---------- Input for this task
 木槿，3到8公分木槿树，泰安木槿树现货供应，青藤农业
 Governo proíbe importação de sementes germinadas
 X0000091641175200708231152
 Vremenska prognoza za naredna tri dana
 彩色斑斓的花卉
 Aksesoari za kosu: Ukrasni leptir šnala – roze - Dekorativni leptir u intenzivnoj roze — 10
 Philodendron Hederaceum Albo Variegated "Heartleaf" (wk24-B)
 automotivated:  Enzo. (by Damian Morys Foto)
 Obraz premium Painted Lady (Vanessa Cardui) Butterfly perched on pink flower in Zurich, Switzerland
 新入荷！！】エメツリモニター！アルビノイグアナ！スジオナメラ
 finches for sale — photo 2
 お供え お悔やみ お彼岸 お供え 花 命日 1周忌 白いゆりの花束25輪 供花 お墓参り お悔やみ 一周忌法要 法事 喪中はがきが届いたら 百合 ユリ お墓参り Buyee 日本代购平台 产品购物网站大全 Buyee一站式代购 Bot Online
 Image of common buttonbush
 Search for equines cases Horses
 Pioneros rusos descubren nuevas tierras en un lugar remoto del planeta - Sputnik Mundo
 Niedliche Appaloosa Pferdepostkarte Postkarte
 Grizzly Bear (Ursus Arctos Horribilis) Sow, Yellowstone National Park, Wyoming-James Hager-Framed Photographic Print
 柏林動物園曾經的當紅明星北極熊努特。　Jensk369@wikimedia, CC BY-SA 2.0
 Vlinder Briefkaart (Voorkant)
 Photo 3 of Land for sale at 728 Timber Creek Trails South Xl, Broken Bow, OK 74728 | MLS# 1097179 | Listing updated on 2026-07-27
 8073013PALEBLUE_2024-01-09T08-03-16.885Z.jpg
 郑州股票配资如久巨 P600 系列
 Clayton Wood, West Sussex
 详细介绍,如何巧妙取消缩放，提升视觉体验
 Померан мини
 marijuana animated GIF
--------------------
» Task objective
Without leaving anything out, output all of the data above exactly.

» Response box
 木槿，3到8公分木槿树，泰安木槿树现货供应，青藤农业
 Governo proíbe importação de sementes germinadas
 X0000091641175200708231152
 Vremenska prognoza za naredna tri dana
 彩色斑斓的花卉
 Aksesoari za kosu: Ukrasni leptir šnala – roze - Dekorativni leptir u intenzivnoj roze — 10
 Philodendron Hederaceum Albo Variegated "Heartleaf" (wk24-B)
 automotivated:  Enzo. (by Damian Morys Foto)
 Obraz premium Painted Lady (Vanessa Cardui) Butterfly perched on pink flower in Zurich, Switzerland
 新入荷！！】エメツリモニター！アルビノイグアナ！スジオナメラ
 finches for sale — photo 2
 お供え お悔やみ お彼岸 お供え 花 命日 1周忌 白いゆりの花束25輪 供花 お墓参り お悔やみ 一周忌法要 法事 喪中はがきが届いたら 百合 ユリ お墓参り Buyee 日本代购平台 产品购物网站大全 Buyee一站式代购 Bot Online
 Image of common buttonbush
 Search for equines cases Horses
 Pioneros rusos descubren nuevas tierras en un lugar remoto del planeta - Sputnik Mundo
 Niedliche Appaloosa Pferdepostkarte Postkarte
 Grizzly Bear (Ursus Arctos Horribilis) Sow, Yellowstone National Park, Wyoming-James Hager-Framed Photographic Print
 柏林動物園曾經的當紅明星北極熊努特。　Jensk369@wikimedia, CC BY-SA 2.0
 Vlinder Briefkaart (Voorkant)
 Photo 3 of Land for sale at 728 Timber Creek Trails South Xl, Broken Bow, OK 74728 | MLS# 1097179 | Listing updated on 2026-07-27
 8073013PALEBLUE_2024-01-09T08-03-16.885Z.jpg
 郑州股票配资如久巨 P600 系列
 Clayton Wood, West Sussex
 详细介绍,如何巧妙取消缩放，提升视觉体验
 Померан мини
 marijuana animated GIF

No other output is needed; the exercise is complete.